So I thought to myself, ya, I guess I could. Even though my head is foggy, my emotions are raw and my feelings are numb--is that possible at the same time?!
Plus I can choose to ignore the voices that are saying, "No one cares what you have to say."
It happened. I dropped my girl off at college. At a town two hours from here. My husband and I both. He did all the heavy lifting with Madelynn, and I stayed put in the dorm and started unpacking, I couldn't do the 3 flights of stairs. A cute Frat boy did stop along the way and helped them out though, boy he had impeccable manners. Whoa.
Here is my girl in her dorm-she's in the Volans House! Represent!
Tuesday, that was the day we dropped her off, was the oddest day in history for me. It didn't feel real, because up close and personal, my life was changing forever as I knew it. I felt I had to walk away from my life. From her. So much of my identity in ways. This girl I have kept safe--who am I kidding, I haven't kept her safe the whole 18 years, see, I've been lacking faith lately. But really, leaving her out of my care--is not easy. I know, right, where is my faith? I have been wondering that too.
To say that this will be an adjustment is an understatement. So much is different around her already and it's only been a few days! I could make a list, but I think that would make me feel worse.
I mean I went from being a single mom for 7 years to being married was an adjustment, but I still had my girl. Now I need to learn to live life, without her. No this isn't a death, but let me tell ya, it sure feels like one. I feel like I'm in mourning and I'm super sad. I've had fatigue for 2 days, and horrible headaches. Today is the first day I don't feel like I'm drowning.
I thought I was good at handling change too, I mean I am practically a pro. But I guess when it comes to my kid, I'm not. And I'm scared. Scared of all that is out there waiting for her and scared she'll make some poor choices. That's a novel thought, making a poor choice, like I've never done that?
You realize so much as a parent. Every day, every week, every month we can grow if we just step out in faith. We don't have to be crushed or consumed by the reality of what is going on in our lives with our kids. And that stands true for all parents. We can gain new perspective and have faith in the process, we can have faith that God is bigger than any of this. And if we trust in Him, no not everything will be perfect or no that doesn't mean our kids are protected from every problem or issue, it just means that we know God is at work in their lives, and He is for His people, He is making it all good, no matter how bad it all might seem. We count on this. And in this world, what else, who else, can you truly count on?
We are all feeling a little lost around here.

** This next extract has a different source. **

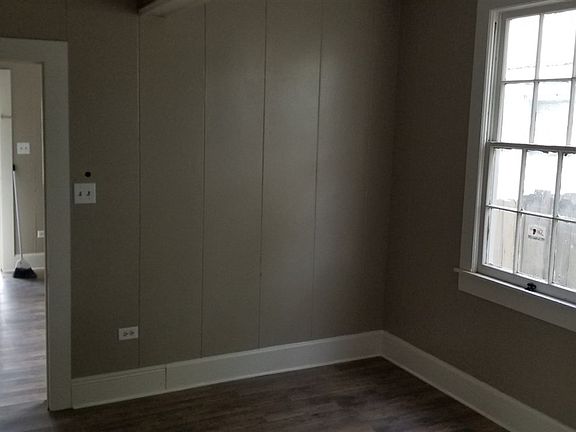 5th image of 214 E 12th St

My daughter and I both have a lot of adjusting to do, we'll get there. All is new to her, all is new to me. I have to support, and encourage her new life without me. Gosh the analogy of the bird leaving the nest is so cliche' but so very true. My husband reminded me of that the other day. And it helps put things into perspective, because she just can not stay in this nest anymore, she needs to get out of it and fly on her own. And I refuse to get in her way. It's her time to spread her wings, and as they say, and soar.